No matter how much you eat at the Thanksgiving table, when all is said and done there’s a mangled carcass left behind. Instead of throwing it out, make turkey stock. It can be used anywhere chicken stock is, from soup to main courses.

This recipe was featured as part of our Thanksgiving Leftovers photo gallery.

INGREDIENTS
  • 1 turkey carcass
  • 2 medium stalks celery, coarsely chopped
  • 1 large carrot, coarsely chopped
  • 1 medium yellow onion, quartered
  • 1 medium bay leaf
  • 1 teaspoon whole black peppercorns
  • 6 sprigs fresh thyme
INSTRUCTIONS
  1. Break up carcass with a meat mallet or cleaver so it fits in a stockpot (at least 15 quarts), then add remaining ingredients. Add enough cold water to cover the bones by 2 inches and bring to a boil over high heat. Reduce heat to low and simmer, skimming occasionally, until turkey flavor comes through in the stock, about 2 to 3 hours.
  2. Strain through a fine mesh strainer into large heatproof containers. Let cool to room temperature, then refrigerate or freeze.
    Write a review | 8 Reviews
  • i've been doing variation of this in a vey low (250-degree) oven rather than stove top.

    instead of a stockpot, i use a turkey roaster or other large roasting pan. and i bring the carcass (during the year, i save and freeze the carcasses of rotisserie chickens until a have a couple of pounds) and water to a boil on top of the stove, then transfer to the oven and simmer for at least 4 hours before adding the veggies and aromatics (i substitute fennel, including the fronds, along with a couple of cloves of garlic and some peppercorns), and continue at 250-degrees for at least another hour (usually 2).

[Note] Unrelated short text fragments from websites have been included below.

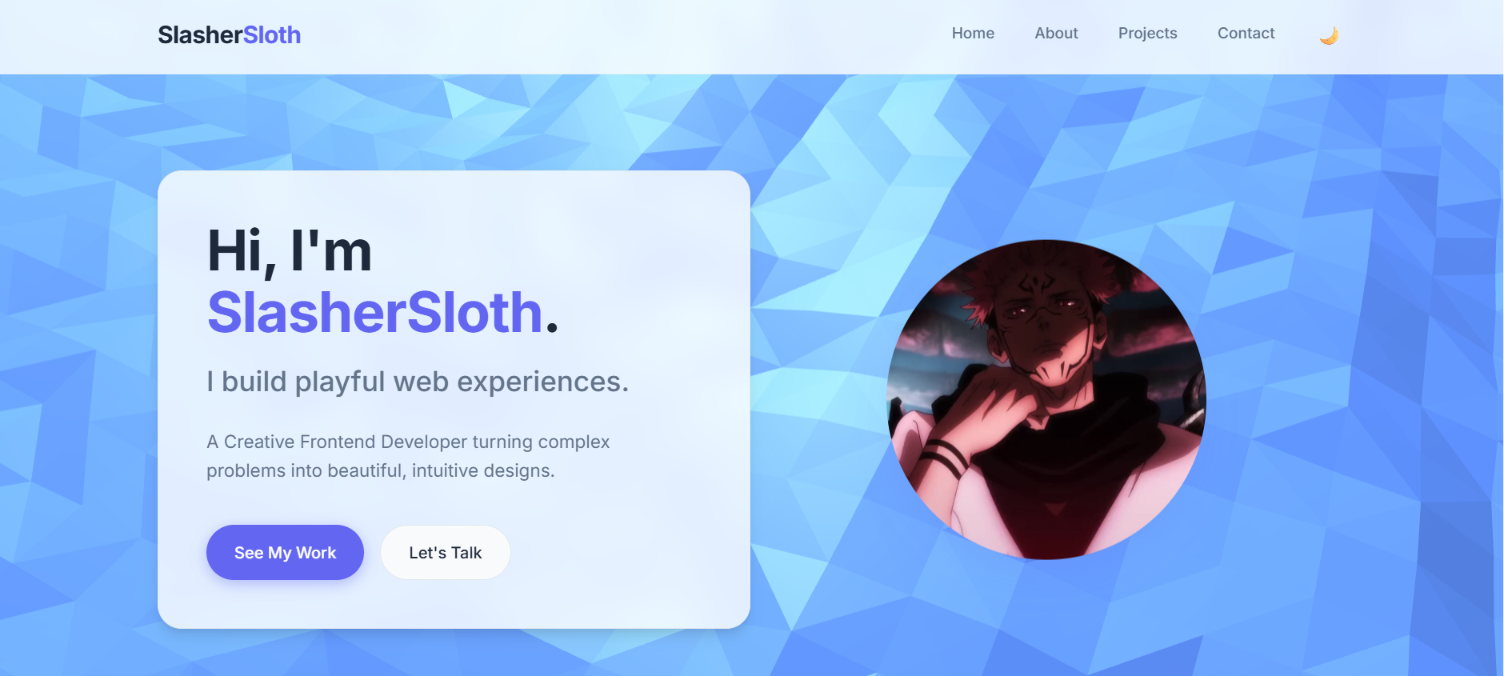 Basic Portfolio preview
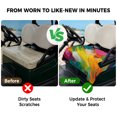thumbnail image 4 of Golf Cart Seat Covers for 2 Seater,Colorful Pigment Microfiber Cart Seat Towel Blanket,Abstract Color Block Oil Painting Absorbent Breathable Non Slip Bench Seats Protector for Golf Course 51"x31", 4 of 9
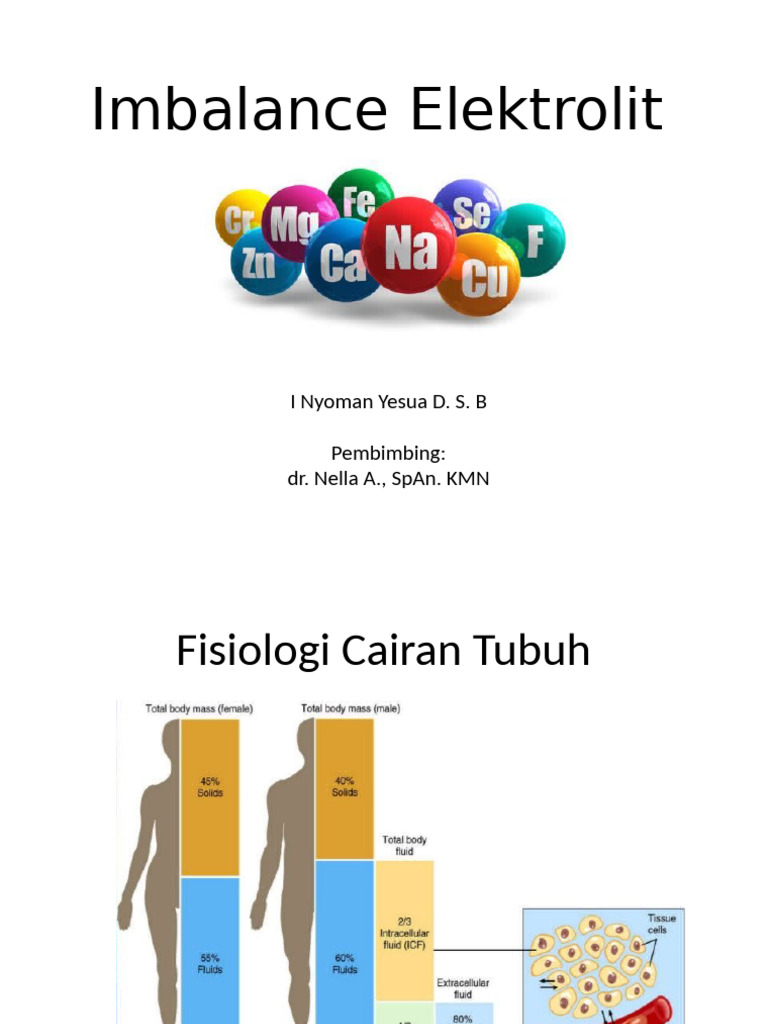 Imbalance Elektrolit | PDF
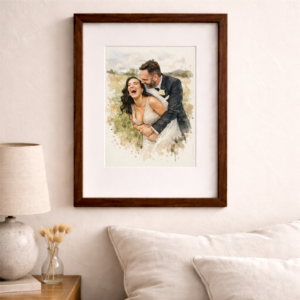 100% Hand-Painted Custom Watercolor 2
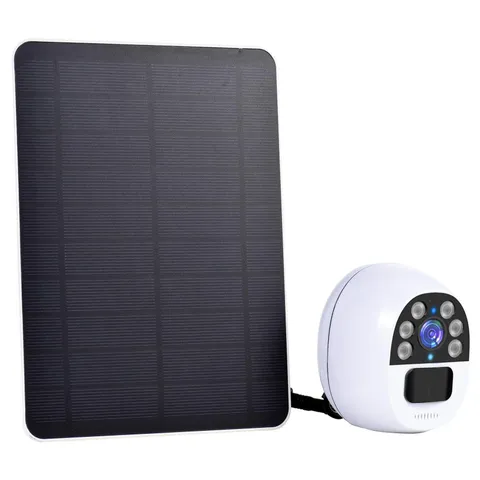 Splenssy 1080P Solar Powered Camera, Waterproof Smart WiFi Camera, Solar Secu...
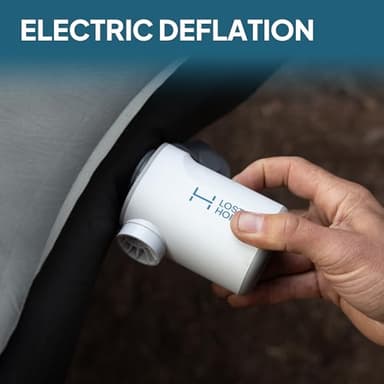 LOSTHORIZON Camping Air Mattress with Foam for Tesla, Self Inflating Sleeping Pad with Air Pump, 4.5" Thick, R-Value 13, Model Y - Image 4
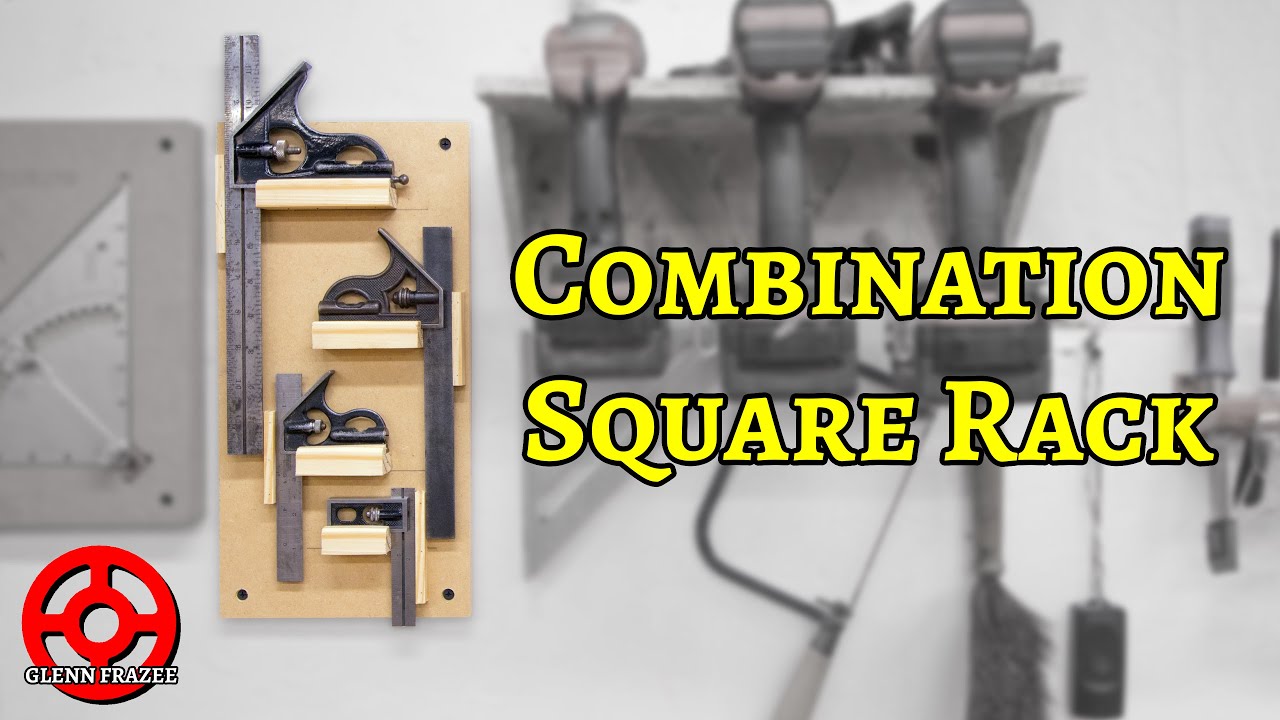 How to Make a WallMount Combination Square Storage Rack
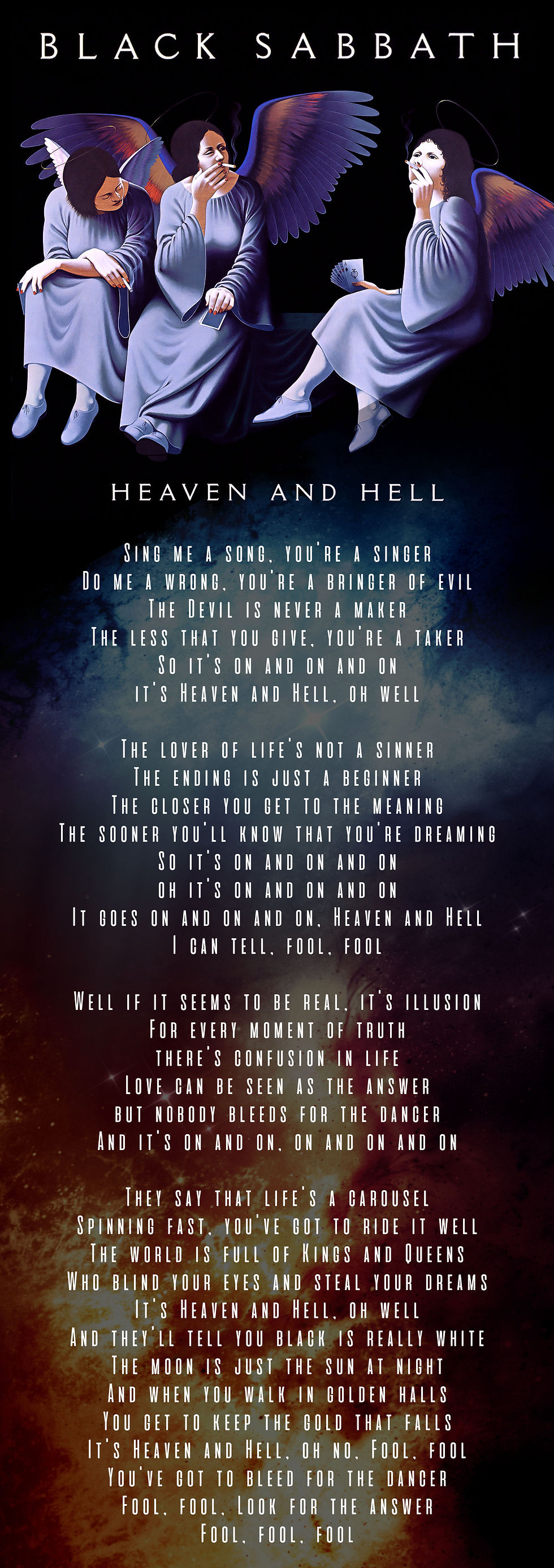 BLACK SABBATH HEAVEN AND HELL LYRIC2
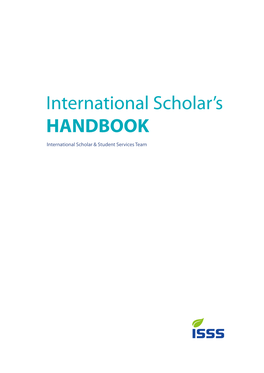 International Scholar's HANDBOOK
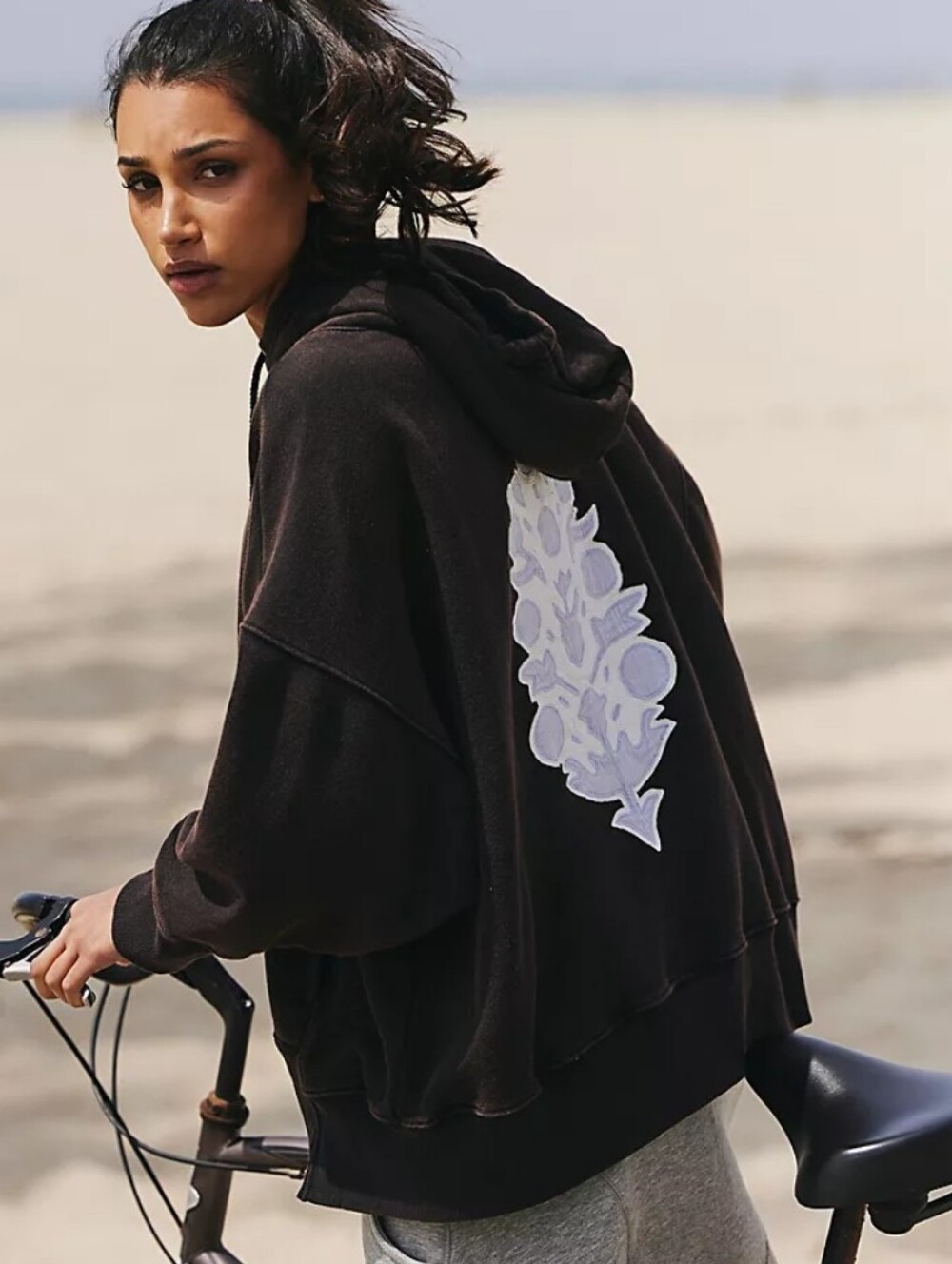 Free People FP Movement Sprint To The Finish LOGO Hoodie NWT Large (xl) - Picture 5 of 12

  • It can last pretty much forever in the freezer.

  • So how long does frozen turkey stock last?

  • Instead of putting ice in the stock and watering it down, simply throw your ice cubes in a ziplock back and toss it in the pot. then put the whole thing in the fridge.

    Cools very quickly.

    PS- Dont peel your onions as the skins add gold colour to the stock

  • When I want to cool a soup or broth quickly, I use less water when prepping THEN add ice when finished to cool quickly.

    By using less water at beginning, the soup or broth is NOT deluted when ice is added for cooling

  • This is similar to the basic stock recipe in Julia Childs "The Way to Cook" - very easy, very tasty.

  • Before freezing, we usually skim off the layer of hardened fat after refrigerating the stock overnight. Then we divide into quart size portions (recycled yogurt containers) and freeze.

  • Cooling the stock at room temperature is asking for contamination. The stock should be cooled quickly by filling a sink with ice water and salt and immersing the pot in the brine. It will cool quickly and safely.